Copy the data exactly from the line that contains "Polícia Militar do" through the line that contains "915 Onslow Dr, Greensboro, NC", keeping both end lines and leaving out everything else.

──────── DATA PROVIDED

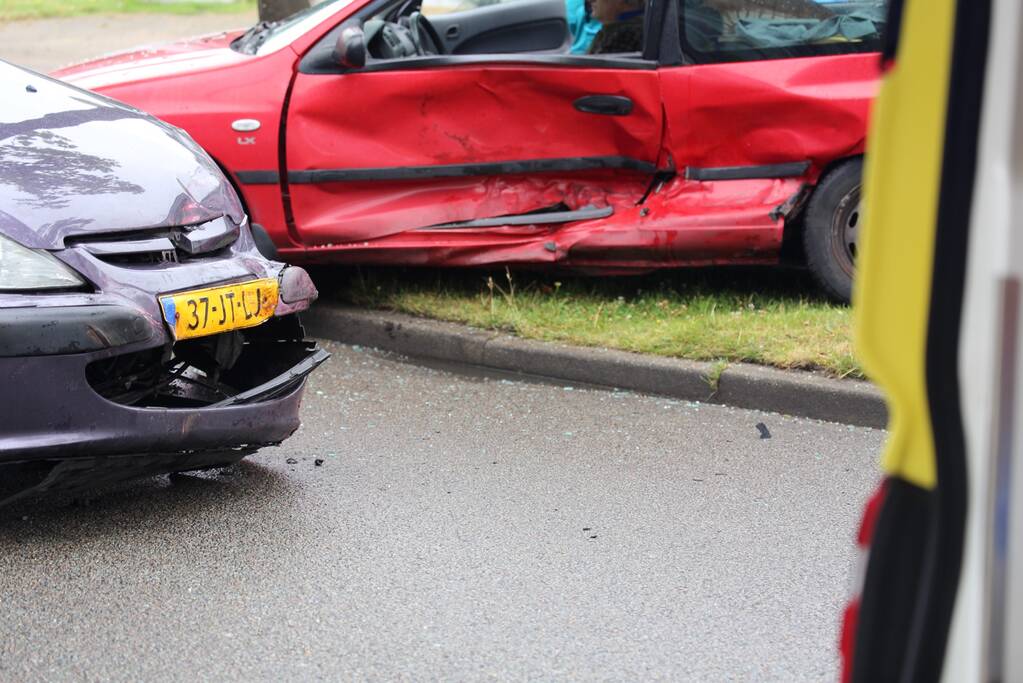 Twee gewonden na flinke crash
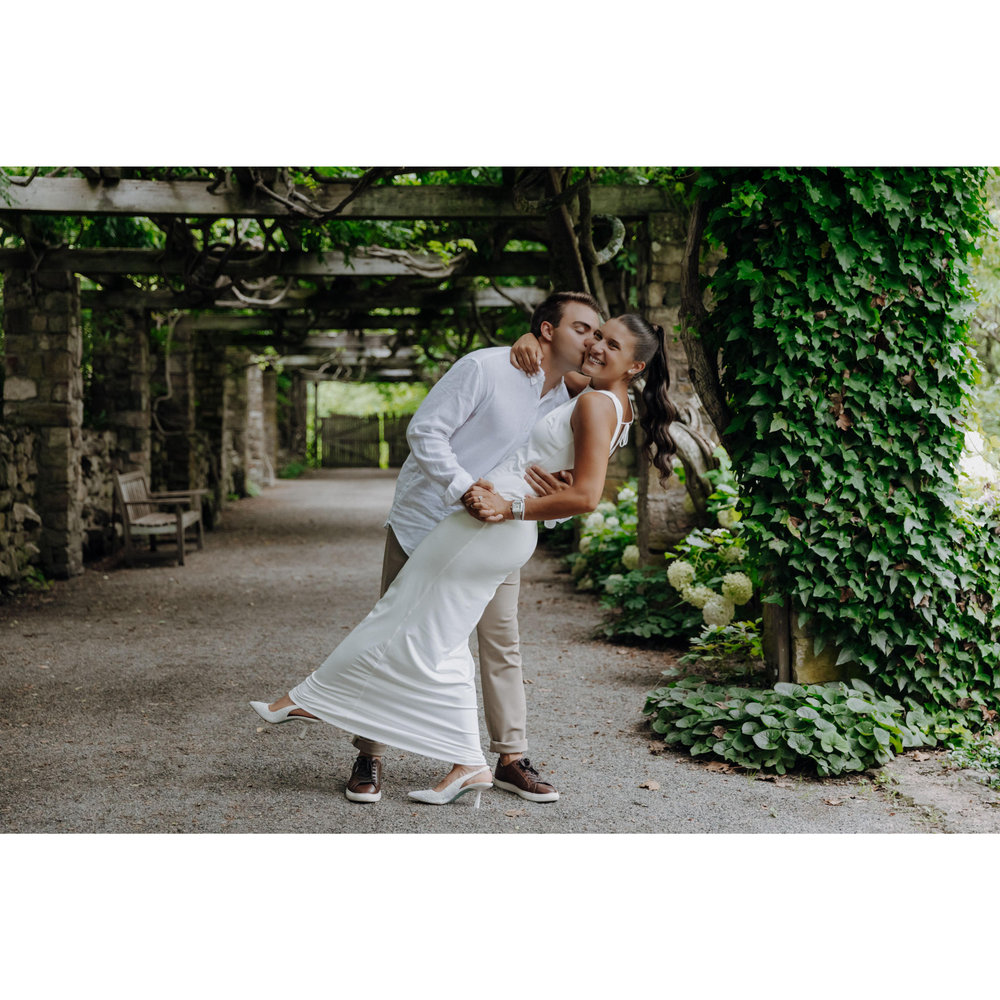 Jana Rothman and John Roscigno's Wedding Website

────────────────
──────── DATA PROVIDED

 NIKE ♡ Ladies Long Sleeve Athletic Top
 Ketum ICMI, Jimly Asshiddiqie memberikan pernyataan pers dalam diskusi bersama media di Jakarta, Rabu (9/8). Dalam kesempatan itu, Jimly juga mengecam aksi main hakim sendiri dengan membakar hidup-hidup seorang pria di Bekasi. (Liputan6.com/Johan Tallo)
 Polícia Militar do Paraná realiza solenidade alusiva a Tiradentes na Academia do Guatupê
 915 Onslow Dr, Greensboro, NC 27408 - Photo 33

────────────────

• **PROBLEM SOLUTION**:
 Polícia Militar do Paraná realiza solenidade alusiva a Tiradentes na Academia do Guatupê
 915 Onslow Dr, Greensboro, NC 27408 - Photo 33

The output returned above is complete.